Your instructions | In the copy, every record below must appear exactly as given, and no picture may appear.

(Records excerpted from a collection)
[Start of section]

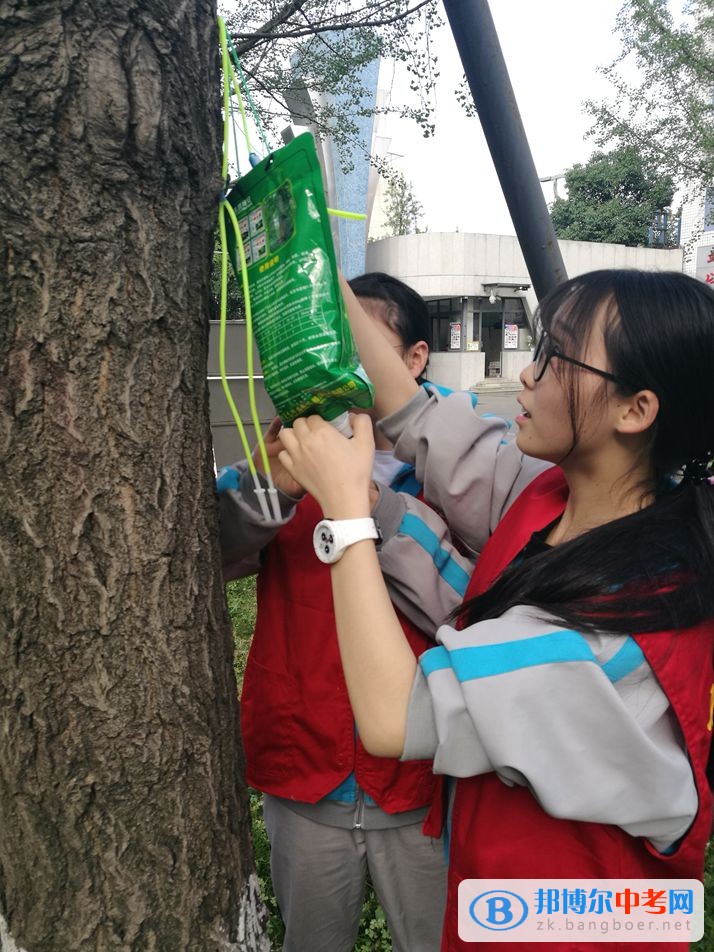 西南交通大學附屬中學開展大手牽小手，共建綠色校園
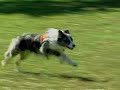 how-to-get-rid-of-canada-geese.html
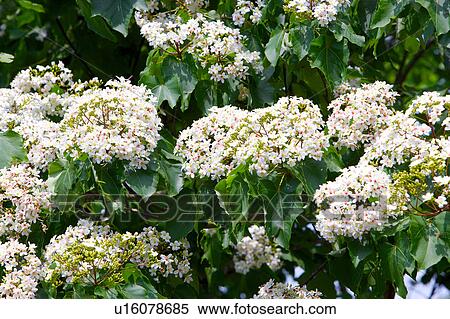 Stock Photography - Trees with white flowers. Fotosearch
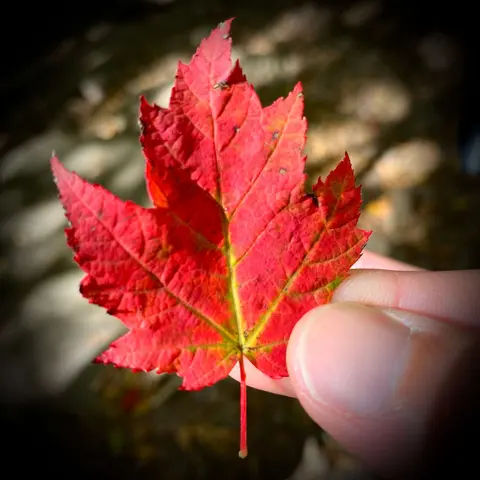 Fall Foliage in the Catskills: Leaf Peeping with the Locals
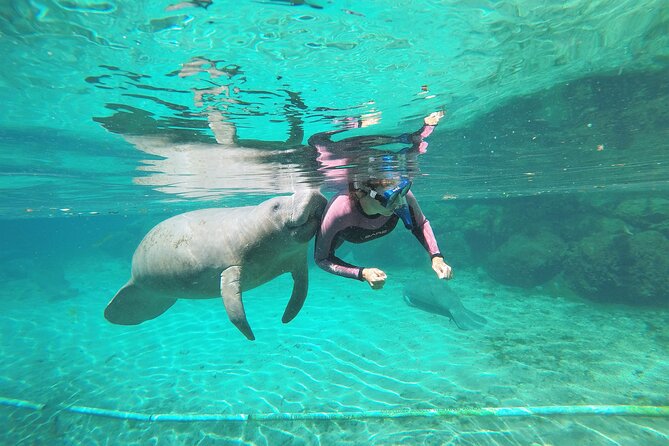 3 Hours Manatee Swim Tour in Florida - Meeting Details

[End of section]

Written response |
 西南交通大學附屬中學開展大手牽小手，共建綠色校園
 how-to-get-rid-of-canada-geese.html
 Stock Photography - Trees with white flowers. Fotosearch
 Fall Foliage in the Catskills: Leaf Peeping with the Locals
 3 Hours Manatee Swim Tour in Florida - Meeting Details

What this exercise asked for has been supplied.